When I visited my hometown and observed the poor littering the town streets with unrestrained cavalier, I could see in their eyes and read in their faces a community whose primary and singular concern was where the next meal was going to come from. Restraint to litter is least in their social conscience right now, but to get bread for the children back home.

The responsibility to keep the pavements and the streets free of litter, according to them, is left to the gods, not even to the municipality and the government. The government must at least first provide a monthly social grant, and then provide shelter, a job, safety from crime and adequate land for their farming. That is what is primary and fundamental in their minds. Litter can be left to the hindmost.

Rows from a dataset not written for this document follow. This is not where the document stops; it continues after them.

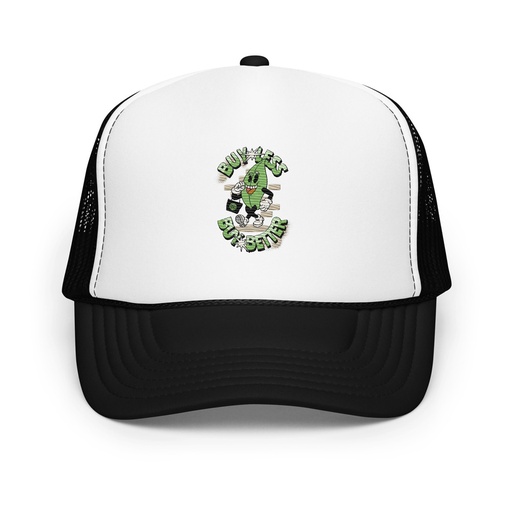 [ID: 627-G303] Buy Less- Buy Better Foam Trucker Hat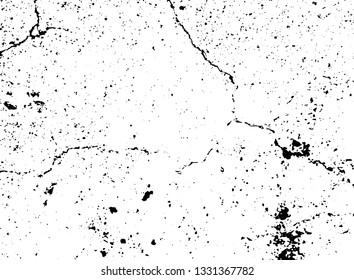 Rough, scratch, splatter grunge pattern design brush strokes. Overlay texture. Faded black-white dyed paper texture. Sketch grunge design. Use for poster, cover, banner, mock-up, stickers layout.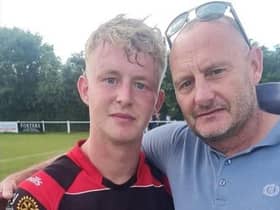 Ben Woods, left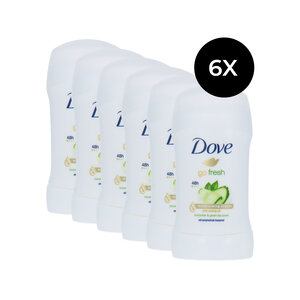 Go Fresh Deo Stick Cucumber & Green Tea Scent - 6 x 40 ml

There is a meeting of hearts and minds between the black elite in the social media that is up in arms in support of Nkuna and the poor rural folk in my hometown that litter the streets with no tinge of concern or guilt in their conscience.

In both cases, the immediate gravity of the social environment that confronts them, although in different ways, makes them pin their eyes on the wood in a way that has made them miss the trees.

Life to them now comes only in big chunks and not in its constituent parts. They have told themselves that this government and this governing party can only be relevant if it can begin to chew the big chunks of concern and, for now, let the hindmost deal with the constituent parts.

This uncompromising dichotomy is however false and dangerous. The omnipotent litter, the broken gutters and the pavements that are battle grounds of survival for township aunties, Somalis, Pakistanis, Nigerians and Zimbabweans are as essential to address in turning around the economy of my rural hometown and the health of the rural town folk as it is to secure the next meal for the children.

There will be no investment and business confidence in such a rural town if the municipality and the government do not address filth, grime, lawlessness and order as well as the issue of social dignity of the community. If there is no investment and the economy does not grow, it shall forever remain difficult to secure a job and bread for many of my town folk.

It is as important to cultivate and grow tomatoes at the right place, cabbages and maize and their right place, for Mr Nkuna, as it is for the municipality and the government to put in place bylaws that delineate the backyard for a vegetable patch, a public municipal pavement for pedestrian use and an open field for maize plantation. It is as equally important for Nkuna’s town and for the same reasons, as it is important for the folk of my rural town of Vryheid.

If we do not recognise that this dichotomy needs to be managed, we run the risk of cutting our nose in order to spite our face. Those who cut their noses in anger might regret the long-term consequence of their action.

>> Mavimbela is the South African Ambassador to Brazil.